Wild Strawberries

It’s been sixty two years since Ingmar Bergman released WILD STRAWBERRIES, his touching tale of Isak Borg, an old professor travelling to Lund from Stockholm to receive an honorary doctorate for his works in the profession. Fear of loneliness, and more precisely, the fear of the inescapability of time, haunt the mind of Isak as each new traveller he encounters prompts him to revisit his past.

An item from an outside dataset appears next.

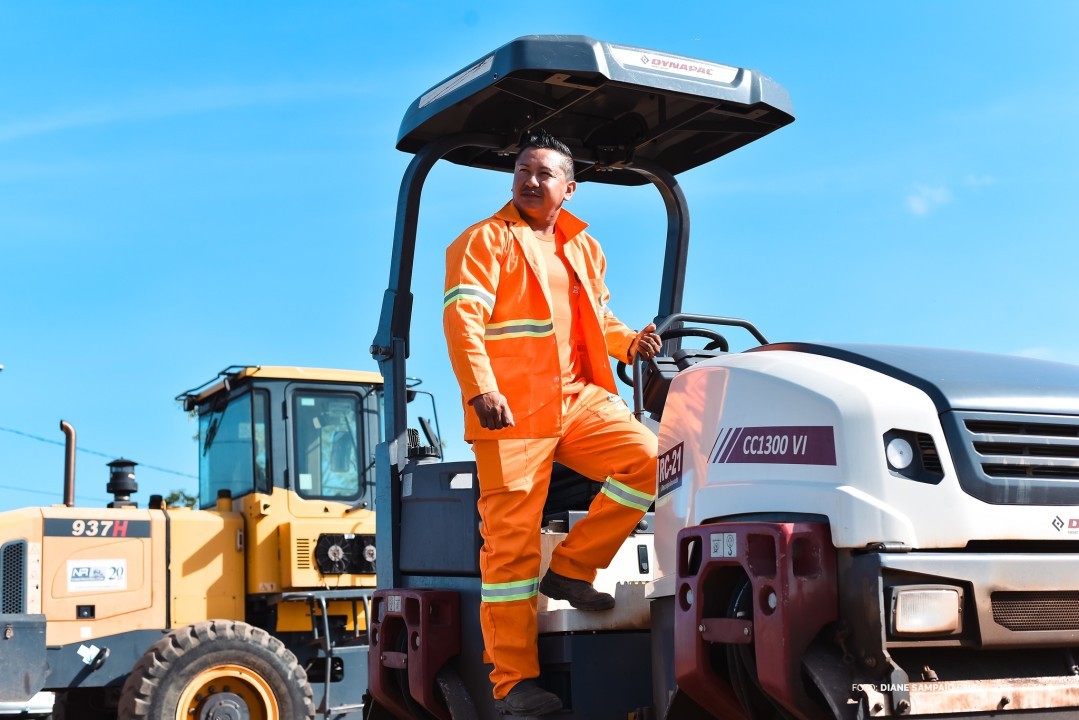 Com entrega de fardamento, prefeitura amplia segurança e valoriza operadores da usina de asfalto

Swedish cinema legend Victor Sjöström plays Isak, the grumpy elder man, whilst Ingrid Thulin plays Marianne – his daughter-in-law married to his son. The pair show an evident disdain for each other. Marianne doesn’t approve of the ‘irreverent egotist’ and his treatment of others, including herself. Isak seems to care only for himself – yet his love for his son is clear, and his attempts at reconciliation with Marianne appear to work. When the two come across Isak’s old home he is reminded of a sweeter time. Whilst reminiscing he is approached by Sara, a young, attractive hitchhiker trying to get to Italy with two men, Anders and Viktor. Coincidentally, Sara shares the same name of an old flame of Isak, whom he lost to his brother. The fivesome then encounter a bitter and argumentative couple – and Isak is reminded of his own marriage.

These vignettes pepper the film as the travellers near their destination. Each new person serves as a bitter reminder to Isak of the life he use to live. The titular red fruit stands in as a metaphor: the sweetness of his memories aged and rotted over time, and now he can only gaze back into his memories with the knowledge that he may never feel that joy again.

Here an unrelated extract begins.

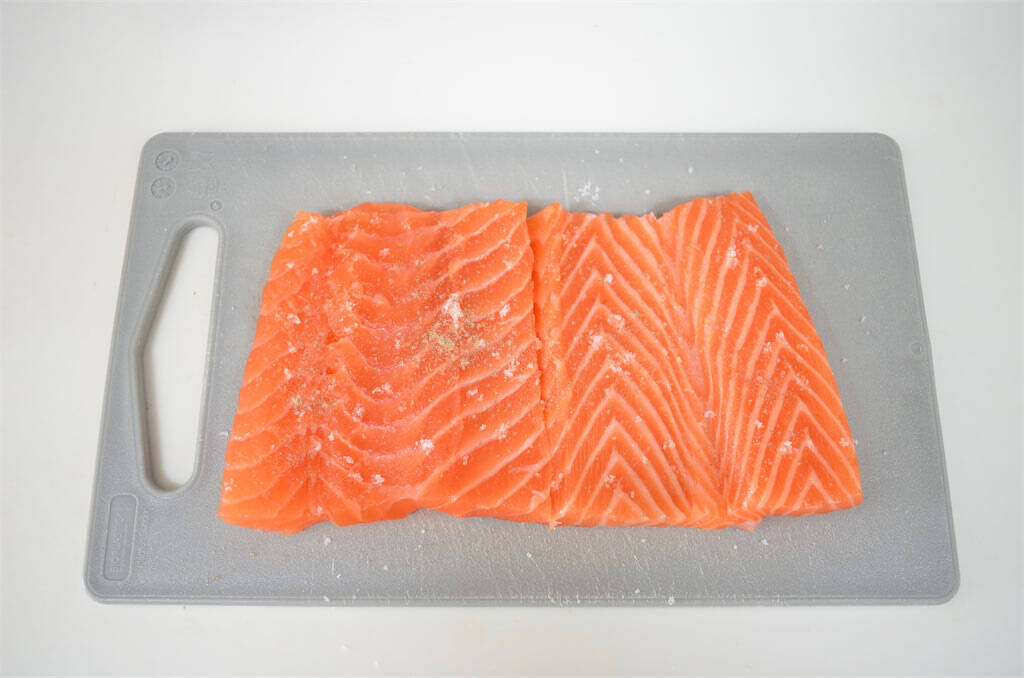 【春のサーモン】パサつき知らずの裏技は「蒸す」！農家直伝「鮭のアスパラ巻き」で春を堪能してみた♪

Despite this, each dream, nightmare and hallucination heps Isak to understand that he still has his life to live, as a happy man. All the clocks in the film have no hands, a sign of Isak’s fear of his own time catching up on him – he doesn’t know how long is left for him. Bergman plays with the idea of his characters going on journeys, not just in the physical sense but in a sort of metaphysical state of awareness. Is Isak’s journey to receive the award just that? Or is it perhaps his one last chance to reminisce about those whom he loved and who love him? The film ends with Isak finding contentment with his life, a subtle grin spreading across his face as he remembers his mother and father by the lake as a youngster. The last glimpse of Isak is his smile. And when the picture fades to black, I shared that same expression.